Lançado em 1997, o longa-metragem pode ser descrito como uma experiência absurda, extraída de uma estrutura quase delirante, um sonho febril. A obra explora a transição da Mima Kirigoe (Junko Iwao) da sua carreira de Idol (cantora cuja imagem é altamente comercializada pelos seus gerentes, movimentando uma indústria a partir da persona pública) para a de uma atriz. A mudança de profissão, no entanto, não é aceita por todos, e um fã começa a se tornar mais ameaçador, tornando a vida da Mima um inferno de insanidade de tal forma que os limites entre realidade e ficção se desmancham lentamente.
Eu já elogiei um trabalho do Kon anteriormente aqui, e Perfect Blue não é nada menos do que uma obra-prima. Seu filme de estreia ergue com elegância um cenário crível onde nenhuma informação, mesmo para o espectador, é verdadeiramente confiável. Acompanhamos a jornada da Mima através da sua vivência: suas dúvidas são nossas. Numa cadência sofisticada de paranóia, adentramos pelos seus olhos numa espiral de horror, nos tornando tão incapazes como a protagonista de discernir onde começa e termina a realidade tangível da narrativa.
Essa confusão atravessa a obra por toda a sua duração de 1h20min, deixando um final caótico – o qual não vou entregar – sem soluções claras. Em entrevista ao crítico Andrew Osmond, Kon foi perguntado se haveria algum tipo de explicação natural para tudo que ocorre no filme. Sua resposta explana um pouco as suas intenções na construção da história.
“Eu não sei o que você quer dizer com ‘natural’, mas existe uma explicação natural para mim como criador uma vez que eu distingui entre o subjetivo e o objetivo na produção dos storyboards.
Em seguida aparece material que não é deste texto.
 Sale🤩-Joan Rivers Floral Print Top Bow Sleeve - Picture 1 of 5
No entanto, algumas cenas transitam entre sequências de realidade para ilusão, então eu acho que é difícil para a audiência diferenciar qual é qual. Contudo, como eu disse, não é o propósito do filme fazer essa distinção.”
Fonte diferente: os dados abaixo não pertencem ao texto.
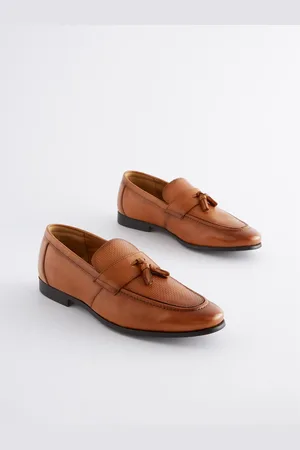 Next Leather Embossed Tassel Loafers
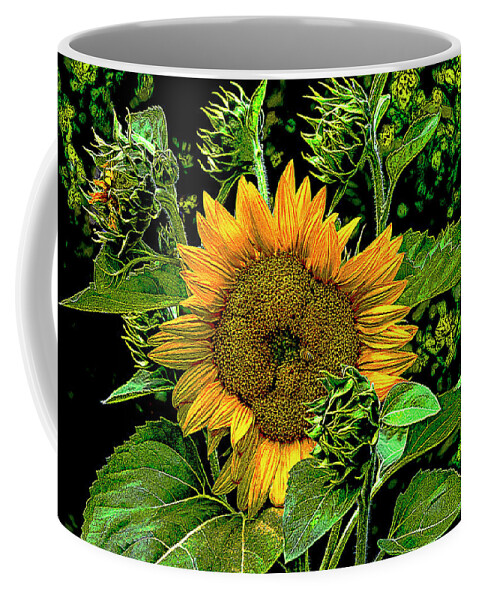 Sunflower Coffee Mug featuring the digital art Roaming the Sunflower by SnapHappy Photos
Esse é o ponto da obra: o limiar entre o que nós somos e as expectativas dos outros sobre nós e como esses valores afetam nossa noção de realidade. Quando Mima abandona o posto que outrem queriam que ela ocupasse, manter a sua persona pública adorada como estrela da banda CHAM!, ela começa a se questionar: seria ela boa o suficiente no novo papel? O que é Mima sem CHAM!? Ela ainda vale a pena fora da zona de conforto desconfortável que repousa nas expectativas alheias?
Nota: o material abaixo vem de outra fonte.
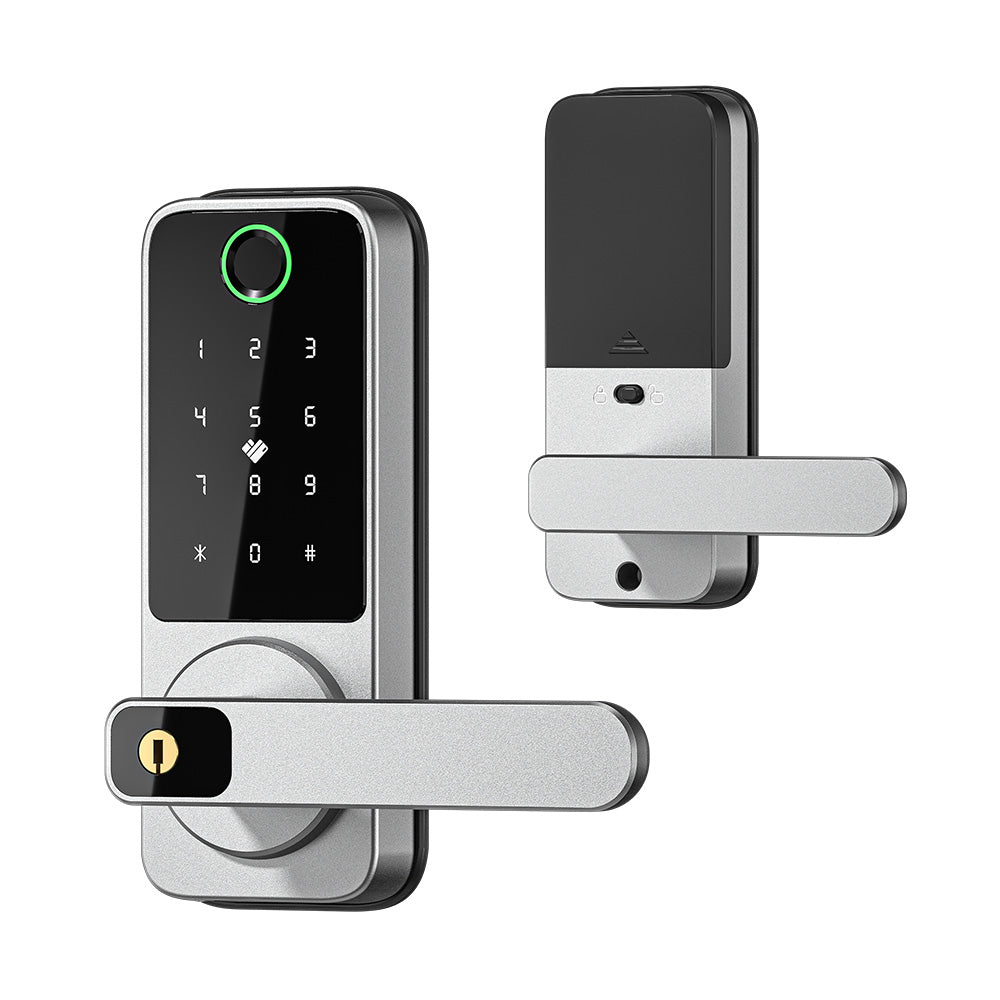 Digital door lock with keypad and handle on a white background - Prodillo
Lá pelos idos anos 60, o filósofo francês Guy Debord lançou seu trabalho A Sociedade do Espetáculo, comentando sobre o fenômeno da glorificação da performance e da imagem na sociedade contemporânea (sobretudo ocidental). Nas palavras de José Arbex Jr., autor de Shownarlismo, “O espetáculo […] consiste na multiplicação de ícones e imagens, principalmente através dos meios de comunicação de massa, mas também dos rituais políticos, religiosos e hábitos de consumo, de tudo aquilo que falta à vida real do homem comum: celebridades, atores, políticos, personalidades, gurus, mensagens publicitárias – tudo transmite uma sensação de permanente aventura, felicidade, grandiosidade e ousadia. O espetáculo é a aparência que confere integridade e sentido a uma sociedade esfacelada e dividida. É a forma mais elaborada de uma sociedade que desenvolveu ao extremo o ‘fetichismo da mercadoria’ (felicidade identifica-se a consumo).”
Mima é essa mercadoria, obrigada a viver interpretando papéis, em abstinência de sua verdadeira identidade. O que pode ser real além da imagem comercializada, vendida? Não há explicação exata, e Kon foi perfeito nesse aspecto. A história, a animação, os designs, tudo corrobora para o caos existencial brilhante desse longa-metragem.
Apesar de ter sua estreia nos anos 90, Perfect Blue se mantém incrivelmente atual, especialmente no contexto das redes sociais, um espaço onde as identidades dos seus membros é inteiramente virtual. Você do outro lado da tela, assim como eu, seleciona tudo aquilo que quer mostrar no fórum semipúblico que é a internet. O que é, afinal de contas, real?